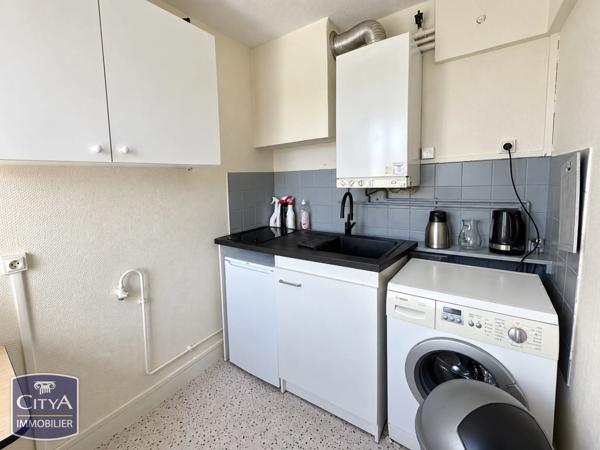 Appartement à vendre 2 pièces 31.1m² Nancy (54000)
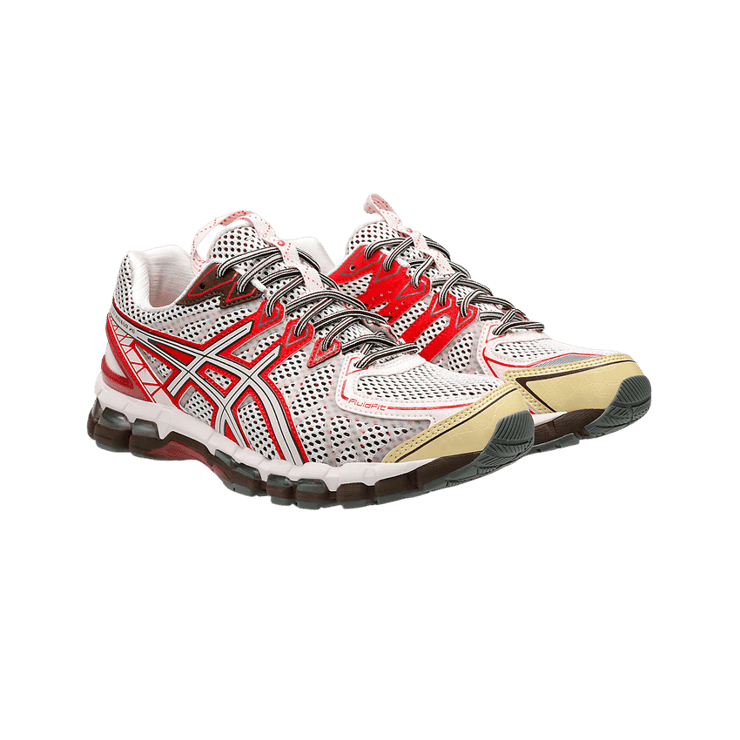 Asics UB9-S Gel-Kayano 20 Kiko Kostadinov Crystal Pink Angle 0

...

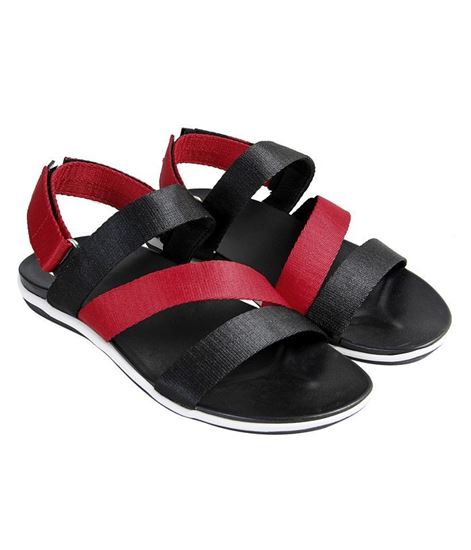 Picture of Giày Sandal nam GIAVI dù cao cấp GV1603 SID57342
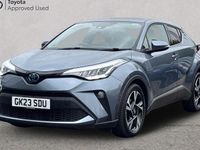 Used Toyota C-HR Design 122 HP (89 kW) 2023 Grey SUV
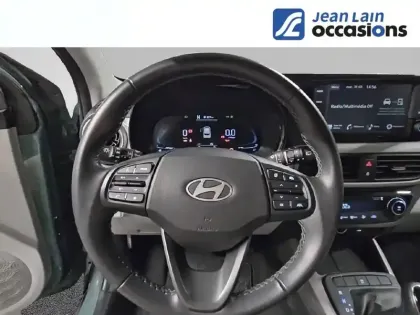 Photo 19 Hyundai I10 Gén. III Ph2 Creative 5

...

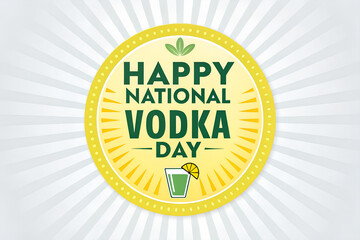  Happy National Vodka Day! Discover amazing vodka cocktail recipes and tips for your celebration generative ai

**Problem description**. From the listing above, restate verbatim the lines running from the one with "Appartement à vendre" through the one with "Asics UB9-S Gel-Kayano", inclusive, but not the pictures.

**Task result**.
 Appartement à vendre 2 pièces 31.1m² Nancy (54000)
 Asics UB9-S Gel-Kayano 20 Kiko Kostadinov Crystal Pink Angle 0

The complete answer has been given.